Na perspectiva do Direito Constitucional estrangeiro, embora a heterogeneidade dos textos localizados, em caráter meramente ilustrativo, lista-se as seguintes experiências:  A Constituição de El Salvador, no seu artigo 36, dispõe que “Os registros do Registro Civil não indicarão nenhum sinal (qualificação) da natureza da união, nem as certidões de nascimento expressarão o estado civil dos pais” A Carta Política da República Dominicana, por sua, vez, artigo 55, nº 8, prescreve:

“Toda pessoa tem direito, desde o seu nascimento, a ser inscrita gratuitamente no registo civil ou no livro de estrangeiros e a obter os documentos públicos que comprovem a sua identidade, nos termos da lei”. No continente Africano, a Constituição do Quênia, no Artigo 12, nº 1, b, dispõe que “Todos os cidadãos têm direito a um passaporte queniano e qualquer documento de registro ou identificação emitido pelo Estado aos cidadãos”.
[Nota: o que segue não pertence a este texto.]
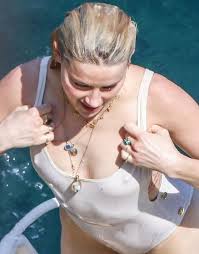 See today's front and back pages, download the newspaper, order back issues and use the historic daily express newspaper archive. Amber Heard Pokies And Cameltoe In White Swimsuit Celebrityslips Com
Na esfera do Direito Internacional, registra-se o Pacto Internacional de Direitos Civis e Políticos (1966), o qual, no artigo 24, 2, reconhece que “Toda criança deve ser registrada imediatamente após o nascimento e deve ter um nome”. A Convenção sobre os Direitos da Criança (1989), por seu turno, artigo 7, refere que “A criança deve ser registrada imediatamente após seu nascimento e, desde o momento do nascimento, terá direito a um nome, a uma nacionalidade e, na medida do possível, a conhecer seus pais e ser cuidada por eles”. No tocante aos sistemas regionais de proteção dos Direitos Humanos, assume relevo a Opinião Consultiva 24, da Corte Interamericana de Direitos Humanos (CiDH), que consolida a interpretação de que a mudança de nome e sexo no registro civil de acordo com a identidade de gênero autopercebida são direitos garantidos Convenção Americana sobre Direitos Humanos. Já a Carta Africana dos Direitos e Bem-Estar da Criança (1990), artigo 6º, prescreve que “Toda a criança deve ser registada imediatamente logo depois do seu nascimento”.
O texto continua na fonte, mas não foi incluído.